DSI's plans don't stop there, though. Simberg writes, "They intend to be a space manufacturing company, and they have plans for what they call a 'Microgravity Foundry' — a 3-D printer that can process materials in weightlessness. The goal is 'asteroid bits in, useful products out.' The Foundry is in a conceptual phase, but they have patents, and are getting small business contracts to develop and prove it out." Apparently it is possible to make propellant from water-based asteroids that is useful to both commercial satellite owners and to NASA.

DSI is thinking big. Its target is to become "the space equivalent of Pittsburgh or Detroit — a location for heavy manufacturing close to their source of raw materials, just as those industrial cities once relied on the Iron Range of Minnesota to feed the foundries and factories of the upper Midwest. But instead of raw steel and cars, one of their ultimate goals is to generate clean energy for use in both space and on earth."

Well, it's better than wind farms. What say you?

Comments:


Vice-Potentate
Joined
Jul '11
Vice-Potentate

Anything is better than wind farms. It brings to mind the expansion of railways across the west. To what degree should government help fund these ventures as infrastructure investments? It seems the permanent question betwixt Libertarians and Republicans. At least they're off to a private start. I would venture to guess it won't stay that way.

John Hanson
Joined
Jun '12
John Hanson

I suspect all of the players are rent-seeking from the Federal Government.  Nothing will become economically viable unless there is a space based market, (not yet) or some mineral in such short supply that it can be mined in space more cheaply than recovered on earth.   This MIGHT be the case with some rare earths, but one has to discover such things first. 

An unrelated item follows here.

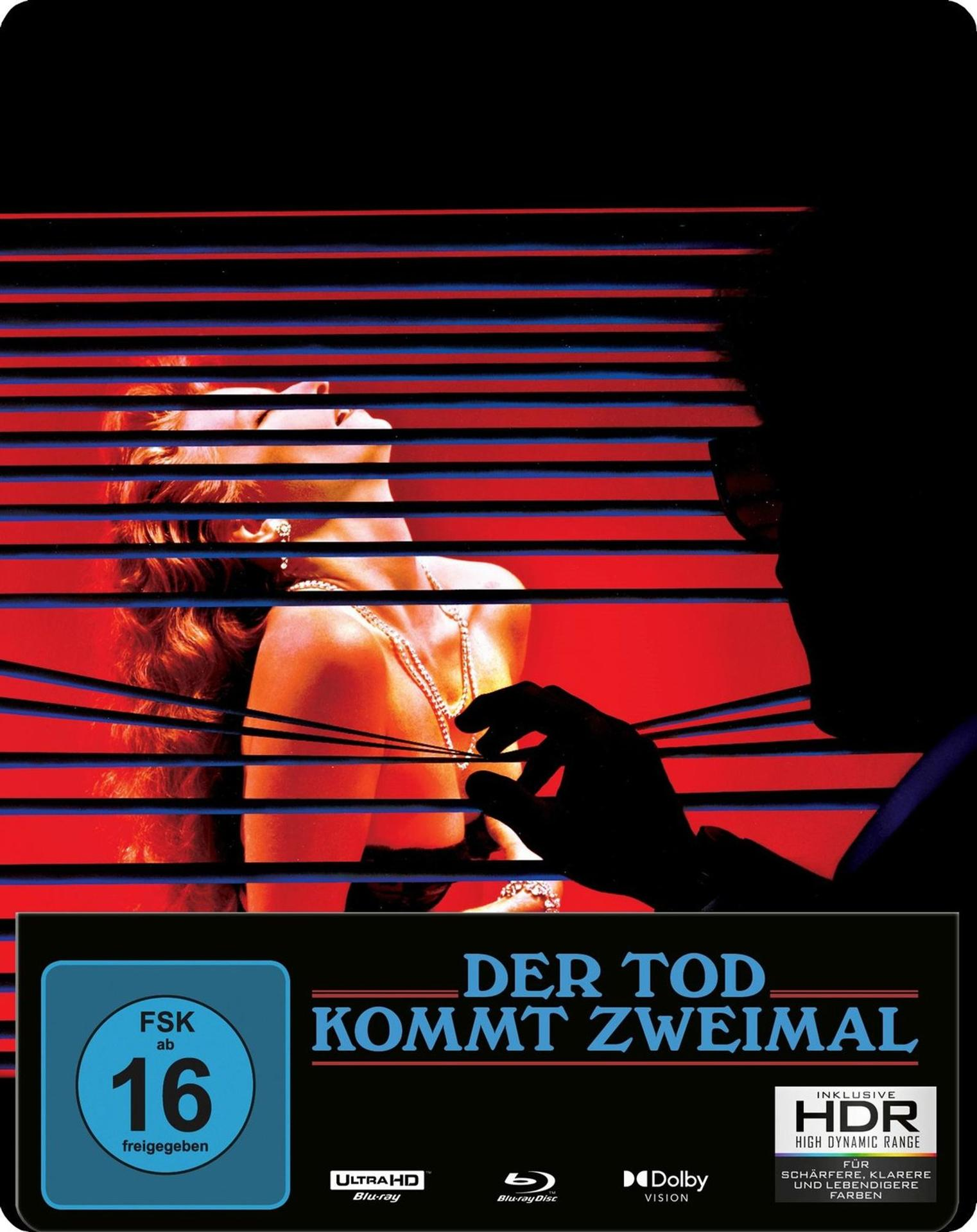 Filmplakat: Frau hinter Jalousien, roter Hintergrund, Titel auf Deutsch.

I am for a private space industry to the extent it is feasible, and certainly it is now for satellite fabrication, test, launch, and operation and I expect will be feasible for low earth orbit, and space tourism soon, (which might provide a market for consumables if it proves cheaper to mine from space sources than launch into orbit from earth (not yet convincingly shown to me by models I think are viable, but show me!)  We know what earth launch costs are, so just need to show realistically, what space mining costs are.

Edited on January 29, 2013 at 12:37pm
Fred Cole
Joined
Nov '11
Fred Cole
Judith Levy, Ed.: What say you?

The future is amazing.

Fred Cole
Joined
Nov '11
Fred Cole

Vice-Potentate:

 To what degree should government help fund these ventures as infrastructure investments?

To no degree.

Fred Cole
Joined
Nov '11
Fred Cole

John Hanson: 

I am for a private space industry to the extent it is feasible, and certainly it is now for satellite fabrication, test, launch, and operation and I expect will be feasible for low earth orbit, and space tourism soon, (which might provide a market for consumables if it proves cheaper to mine from space sources than launch into orbit from earth (not yet convincingly shown to me by models I think are viable, but show me!)  We know what earth launch costs are, so just need to show realistically, what space mining costs are. · 1 hour ago

Edited 1 hour ago

Yeah, the economics isn't there yet.  That's why we need a space elevator.  That would substantially drop costs.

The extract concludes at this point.